*TRY IT*.
The entries that follow must be written out exactly, without any of the pictures they contain.

*DATASET CONTENT*.
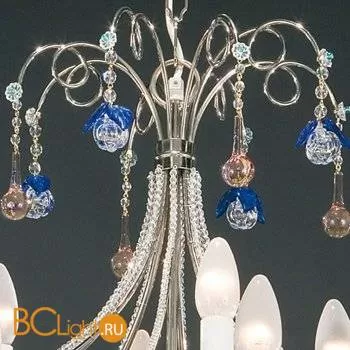 Люстра Passeri International Cristallo L 7105/8+4 Dec. 080 - Фото 1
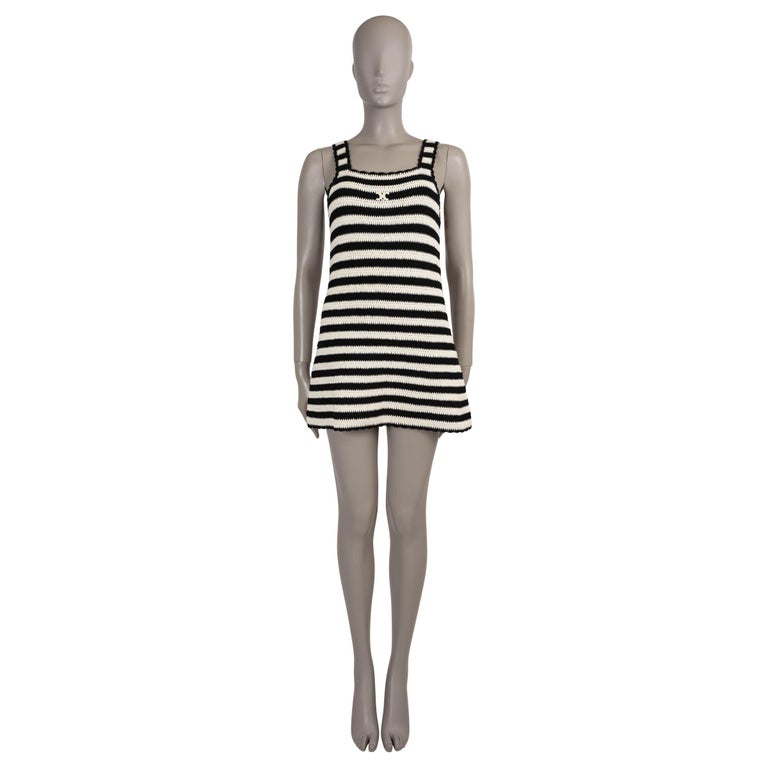 collard mini dress Alice + Olivia Velia Sleeveless Collared Mini Dress in Black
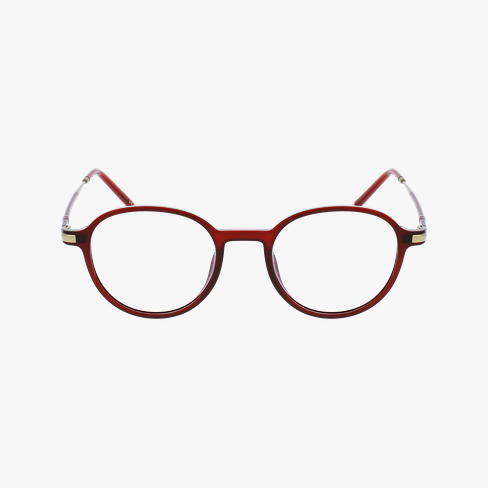 GAFAS GRADUADAS hombre MAGIC 133 rojo vista de frente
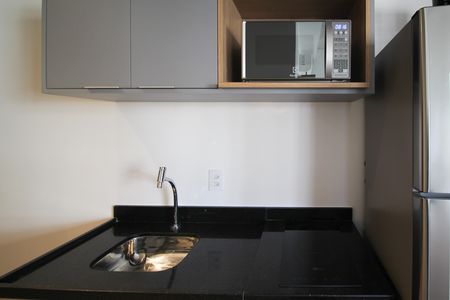 Studio para alugar com 31m², 1 quarto e sem vaga Studio para alugar com 31m², 1 quarto e sem vagaCozinha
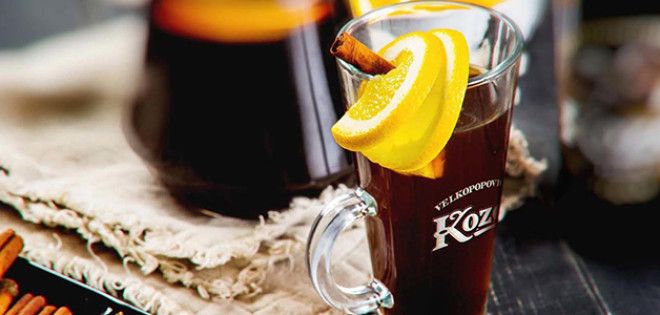 Горячее пиво от кашля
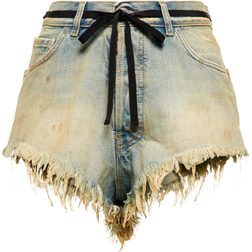 Maison Margiela Distressed Denim Short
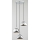 Argon 1339 - Luz pendente HAITI 3xE27/60W/230V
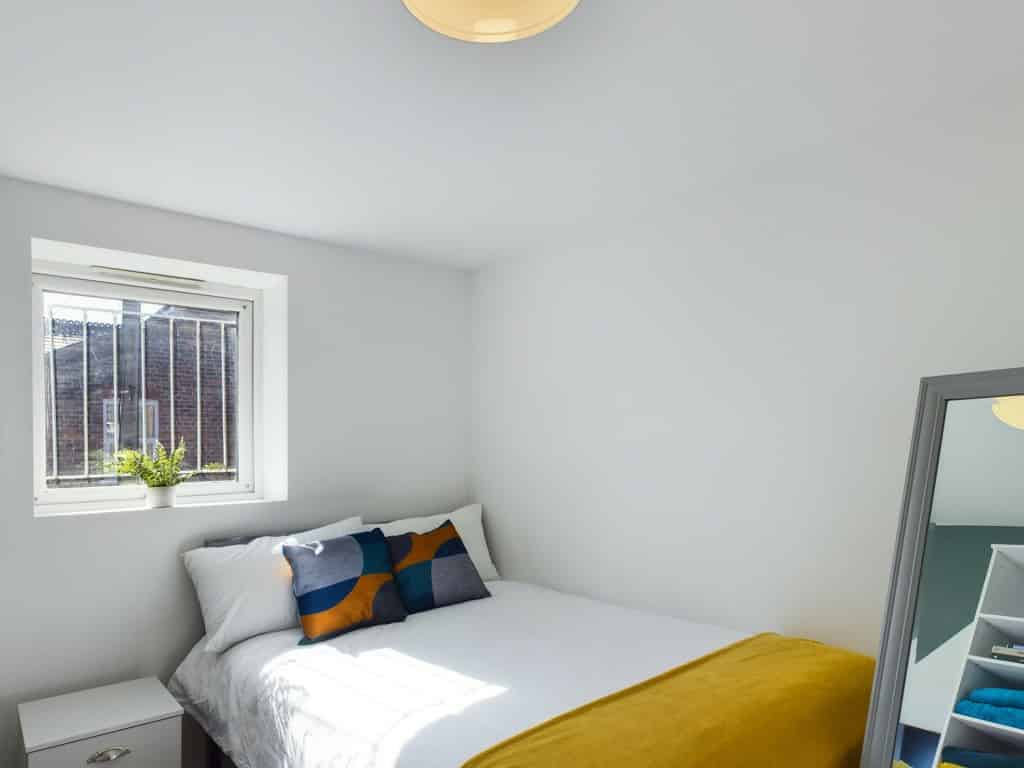 Room in a 4 Bedroom Apartment, 75 Saxony Road, Liverpool L7 8RU - Liverpool, England, United Kingdom - Bedroom 4 - Bedroom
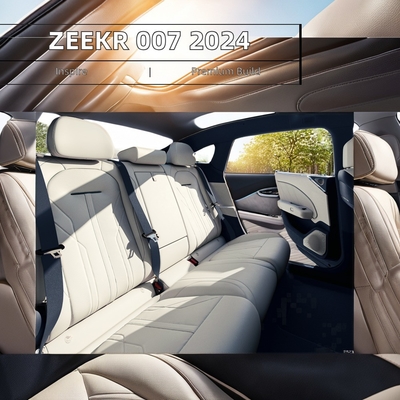 Revoluciona tu experiencia de conducción con el Geely Zeekr 007 Sedan Un vehículo energético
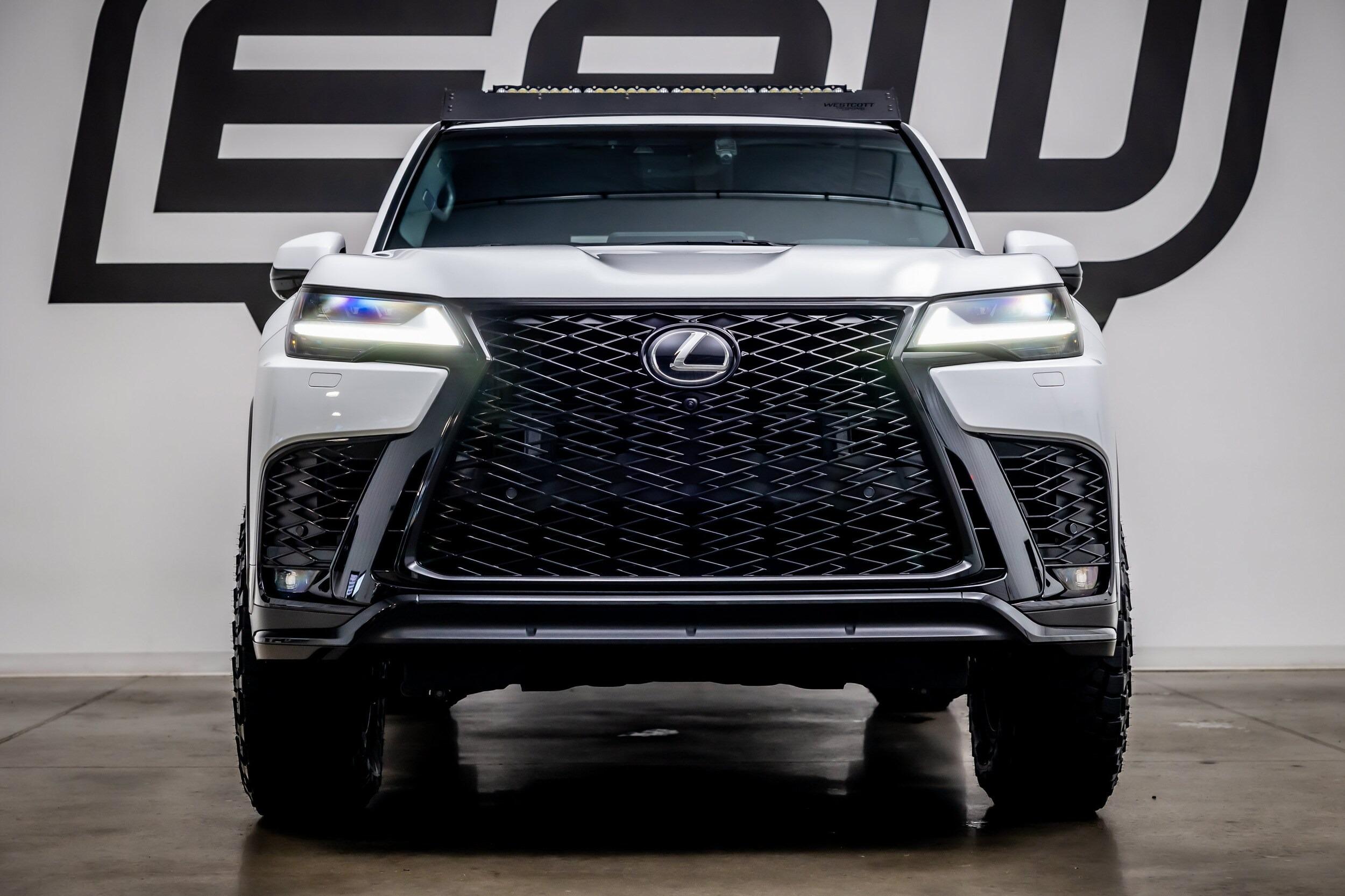 2024 Lexus LX600 F Sport - 3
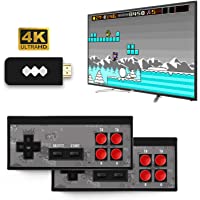 Los mejores  - A-A Consola De Juegos Retro - 4K HDMI HD Consola De Videojuegos 568 Juegos Clásicos Incorporados -Mini Consola Retro…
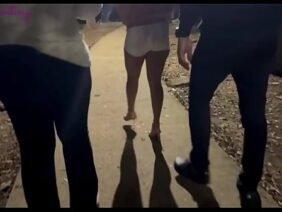 Mais um dia eu sendo puta de corno no gloryHole – Gozei no pau deles e o corno só gravando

*TASK RESPONSE*.
 Люстра Passeri International Cristallo L 7105/8+4 Dec. 080 - Фото 1
 collard mini dress Alice + Olivia Velia Sleeveless Collared Mini Dress in Black
 GAFAS GRADUADAS hombre MAGIC 133 rojo vista de frente
 Studio para alugar com 31m², 1 quarto e sem vaga Studio para alugar com 31m², 1 quarto e sem vagaCozinha
 Горячее пиво от кашля
 Maison Margiela Distressed Denim Short
 Argon 1339 - Luz pendente HAITI 3xE27/60W/230V
 Room in a 4 Bedroom Apartment, 75 Saxony Road, Liverpool L7 8RU - Liverpool, England, United Kingdom - Bedroom 4 - Bedroom
 Revoluciona tu experiencia de conducción con el Geely Zeekr 007 Sedan Un vehículo energético
 2024 Lexus LX600 F Sport - 3
 Los mejores  - A-A Consola De Juegos Retro - 4K HDMI HD Consola De Videojuegos 568 Juegos Clásicos Incorporados -Mini Consola Retro…
 Mais um dia eu sendo puta de corno no gloryHole – Gozei no pau deles e o corno só gravando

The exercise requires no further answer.